Sometimes I get really annoyed with Denver Post columnist Vince Carroll. I guess it's a case of pundit envy.
He keeps writing the columns that I would be and should be writing, if only I had the time (and the skill). He did it again this week with a piece on New Energy Economics, a field of theory that has nothing to do with Real World Economics, as Carroll points out. But trying to reason with people on so-called "green energy" is like trying to get a Jihadist to join a kibbutz. It's a discussion, as Carroll point out, in which reason doesn't apply and trying to make sense is a waste of time.
Here's an excerpt:
"Maybe he needn't worry about making sense. A surprising number of Americans seem to believe the normal rules of economics and government investment don't apply to clean energy — that subsidies, for example, create more jobs than they destroy. Recently, when an Associated Press-Stanford University survey asked people whether policies to combat global warming "would cause there to be more jobs, fewer jobs or wouldn't affect the number of jobs," 40 percent said more jobs, 33 said "no effect" and only 23 percent said "fewer."
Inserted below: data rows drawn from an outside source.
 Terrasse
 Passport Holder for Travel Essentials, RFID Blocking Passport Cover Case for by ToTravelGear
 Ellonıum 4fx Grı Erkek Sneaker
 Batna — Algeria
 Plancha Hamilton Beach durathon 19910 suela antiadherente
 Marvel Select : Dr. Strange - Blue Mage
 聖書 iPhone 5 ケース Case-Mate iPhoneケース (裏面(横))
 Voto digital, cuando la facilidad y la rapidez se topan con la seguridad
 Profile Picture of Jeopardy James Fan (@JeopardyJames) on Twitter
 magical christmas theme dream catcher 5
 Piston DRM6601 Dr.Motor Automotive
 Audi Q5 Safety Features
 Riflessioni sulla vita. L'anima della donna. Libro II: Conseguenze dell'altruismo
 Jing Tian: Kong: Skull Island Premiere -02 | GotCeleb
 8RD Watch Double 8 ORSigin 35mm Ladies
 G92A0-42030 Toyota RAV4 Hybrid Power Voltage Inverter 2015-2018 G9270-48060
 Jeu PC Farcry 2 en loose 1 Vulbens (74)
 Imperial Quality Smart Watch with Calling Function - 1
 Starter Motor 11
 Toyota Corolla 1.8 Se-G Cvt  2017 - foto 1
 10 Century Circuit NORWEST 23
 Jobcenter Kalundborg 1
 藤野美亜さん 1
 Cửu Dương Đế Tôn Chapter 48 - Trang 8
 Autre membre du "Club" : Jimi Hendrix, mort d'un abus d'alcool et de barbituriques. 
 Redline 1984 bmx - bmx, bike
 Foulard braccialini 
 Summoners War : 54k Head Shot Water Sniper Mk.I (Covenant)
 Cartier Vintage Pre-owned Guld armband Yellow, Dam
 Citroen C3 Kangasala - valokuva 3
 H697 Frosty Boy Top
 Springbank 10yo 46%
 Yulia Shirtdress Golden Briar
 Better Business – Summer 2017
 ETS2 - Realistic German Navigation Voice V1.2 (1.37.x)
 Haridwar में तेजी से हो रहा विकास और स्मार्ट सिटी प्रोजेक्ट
The most sensible answer — "government industrial policy is almost never an efficient way to allocate resources, so I'm guessing job growth will be slower as a result" — wasn't even an option.
Most commentators who support growing subsidies for clean energy dismiss the possibility that the money might do as much or more good invested, say, in other cutting edge technologies where the returns would be higher. Or, if they're like The New York Times' Thomas Friedman, they simply ignore the inevitable trade-offs. Friedman tirelessly promotes the idea that "building a clean-power economy" at government direction and support will make us "stronger, more innovative and more energy independent" — without ever asking the question, as George Mason professor Don Boudreaux points out, "compared to what?"
As Boudreaux explained on his blog, "How can Mr. Friedman be so sure that the benefits of windmills, solar panels, and battery-powered electric cars will exceed the costs of making — will exceed in value that which must be foregone to make — these green fetishes a reality?
"Of course, he cannot be sure. Not even close. Like so many other pundits, Mr. Friedman simply ignores, or arbitrarily discounts, the costs of turning his oh-so-lovely daydreams into quotidian actuality."
Last week, The Wall Street Journal's Jeffrey Ball reported that "government spending and price supports accounted for about one-third of the roughly $145 billion invested worldwide in clean energy in 2009 . . . ." Little wonder that under the Obama stimulus plan, "renewable energy producers are eligible for cash grants totaling 50 percent of the cost of projects they do this year — however high those costs go."
At what point does this gusher of subsidies become a scandal?"
Not any time soon, apparently.
It's not just the subsidies but the government mandates that are helping to prop-up an "industry" that can't stand on its own, an "economy" that makes no real market sense. Carroll points out that members of the Church of New Energy Economics, Colorado Chapter, are preparing to push for even higher statewide renewable energy production quotas this legislative session.
Heaven help the common ratepayers of Colorado if they succeed.